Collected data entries
* * * * * * * * *

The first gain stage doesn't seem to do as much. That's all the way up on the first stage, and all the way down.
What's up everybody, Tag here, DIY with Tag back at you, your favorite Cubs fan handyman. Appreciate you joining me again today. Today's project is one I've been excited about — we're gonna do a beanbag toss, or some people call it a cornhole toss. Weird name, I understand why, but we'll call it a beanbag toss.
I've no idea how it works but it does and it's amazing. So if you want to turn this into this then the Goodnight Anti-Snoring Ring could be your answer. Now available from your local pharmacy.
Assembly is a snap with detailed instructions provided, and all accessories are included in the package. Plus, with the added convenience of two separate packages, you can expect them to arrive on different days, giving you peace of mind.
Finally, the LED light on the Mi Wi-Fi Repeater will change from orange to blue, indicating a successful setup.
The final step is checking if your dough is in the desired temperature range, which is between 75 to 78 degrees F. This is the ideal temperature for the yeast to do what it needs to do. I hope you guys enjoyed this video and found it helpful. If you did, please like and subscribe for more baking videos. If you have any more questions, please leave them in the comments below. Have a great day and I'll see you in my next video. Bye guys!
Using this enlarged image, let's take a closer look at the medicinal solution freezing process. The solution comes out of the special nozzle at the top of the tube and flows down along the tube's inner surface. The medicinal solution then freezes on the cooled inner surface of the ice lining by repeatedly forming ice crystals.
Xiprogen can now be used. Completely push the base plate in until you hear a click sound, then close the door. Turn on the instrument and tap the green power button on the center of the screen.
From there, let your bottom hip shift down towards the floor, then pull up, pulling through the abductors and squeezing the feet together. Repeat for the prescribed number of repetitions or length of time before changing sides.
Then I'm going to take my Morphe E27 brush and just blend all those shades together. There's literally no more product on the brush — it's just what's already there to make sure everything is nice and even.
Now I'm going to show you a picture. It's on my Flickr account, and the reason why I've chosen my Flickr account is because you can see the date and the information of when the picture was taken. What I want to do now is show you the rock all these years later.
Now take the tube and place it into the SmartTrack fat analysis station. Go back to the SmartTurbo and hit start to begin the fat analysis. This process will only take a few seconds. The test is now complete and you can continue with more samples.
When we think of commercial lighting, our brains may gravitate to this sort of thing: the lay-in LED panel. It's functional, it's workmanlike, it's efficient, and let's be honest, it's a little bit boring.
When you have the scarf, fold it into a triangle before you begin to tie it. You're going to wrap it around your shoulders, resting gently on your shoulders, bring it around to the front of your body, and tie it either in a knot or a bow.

* * * * * * * * *

- [Work to complete]: Return all lines from the data that include the string "process".

- [Exercise result]:
Using this enlarged image, let's take a closer look at the medicinal solution freezing process. The solution comes out of the special nozzle at the top of the tube and flows down along the tube's inner surface. The medicinal solution then freezes on the cooled inner surface of the ice lining by repeatedly forming ice crystals.
Now take the tube and place it into the SmartTrack fat analysis station. Go back to the SmartTurbo and hit start to begin the fat analysis. This process will only take a few seconds. The test is now complete and you can continue with more samples.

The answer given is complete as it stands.